In 2002 heavy rains and extreme cold in Michoacan and the State of Mexico killed almost 80 percent of the Monarch butterflies there. Perhaps as many as 500 million butterflies died that year. But in 2002 the butterflies returned--in a big way. Between 200 million and 500 million Monarchs spent the winter in Michoacán before returning back to Canada and the eastern part of the U.S.

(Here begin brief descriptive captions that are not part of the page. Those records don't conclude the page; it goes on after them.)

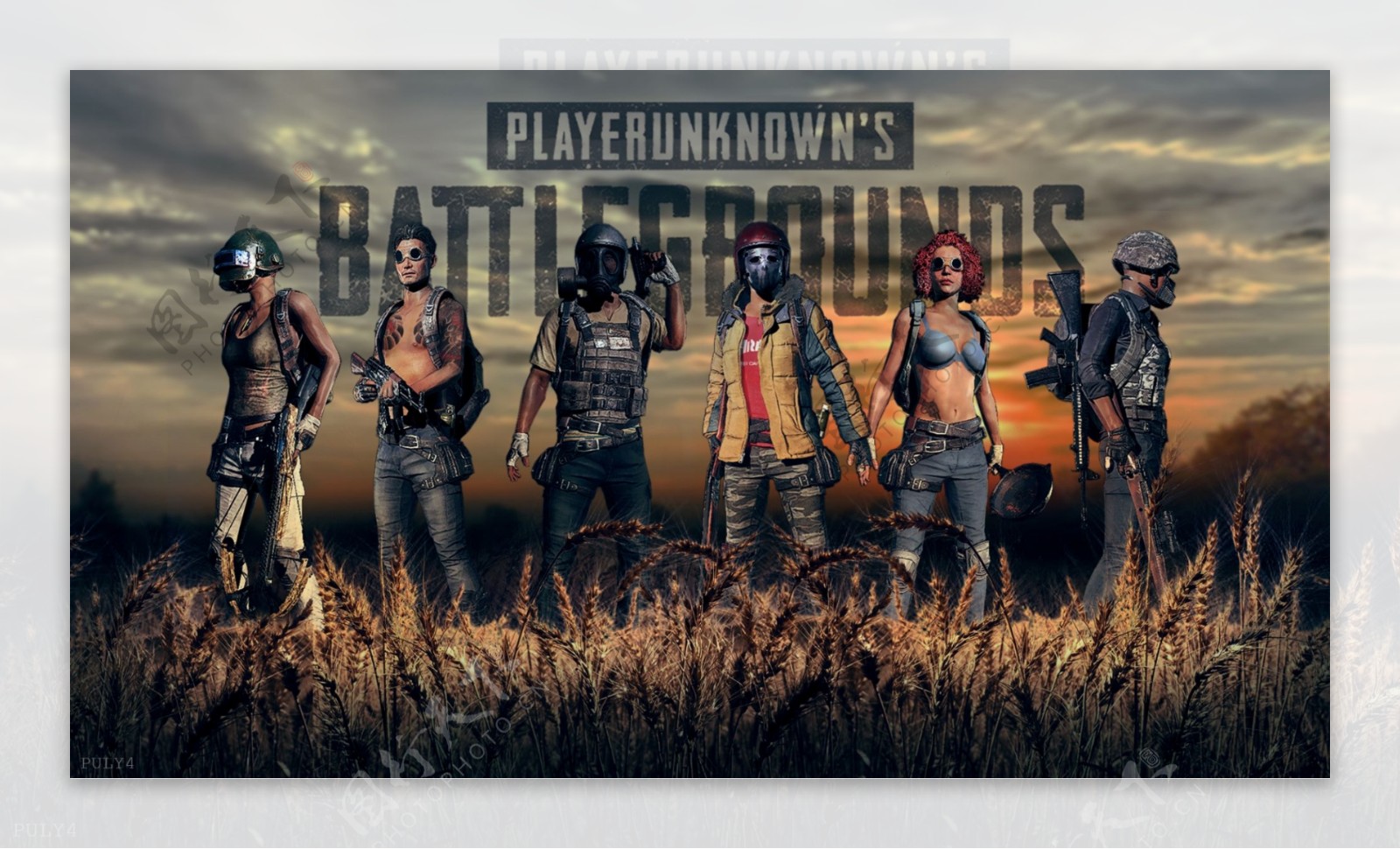 王岚嵚在C 王岚嵚在C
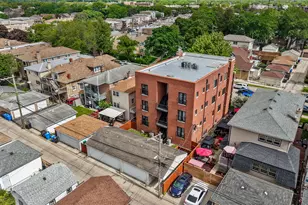 5691 W Higgins Ave, Chicago, IL 60630 - Photo 20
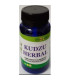 KUDZU HERBAL extracto seco 60cap. VEGAN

Those of us who are "in the know" and have had the opportunity to visit one of the Monarch sanctuaries experience something we can never forget. I had first learned about the Monarch's yearly journey to Mexico when I was teaching a lesson about them to my 4th grade students. The Monarch is state insect of California and we were studying the life cycle of the butterfly. A few years later I was living in Morelia, and of course was excited about seeing this place for my self. In March of 2004, after journeying to the Eastern Sierra (about 2 hours from Morelia) while taking in amazing views, and then traveling up a rocky hillside on horseback, my husband, Doug, our daughter, Jenny, and my two brave parents (who were in their 80's!) were treated to the thrilling sight of thousands of butterflies covering the trees and filling the air around us. (The photo below was taken on a previous trip in September to the hot springs called Los Azufres when the mirasoles are in full bloom.)I hadn't thought about that adventure for a while until I recently came across two environmental educators who organize tours for teachers and naturalists to Monarch Butterfly sanctuaries every February. It looks like a great trip-- I suggest you check them out and join them if you're looking for an adventure. Though February can be warm on the beaches of Mexico, it definitely isn't in the mountain area where the weather is always on the cool side. But if you usually experience blizzards that time of the year where you live, then I suggest you leave your snow parkas home and head for the hills of Michoacán. Just don't plan on wearing your bikini.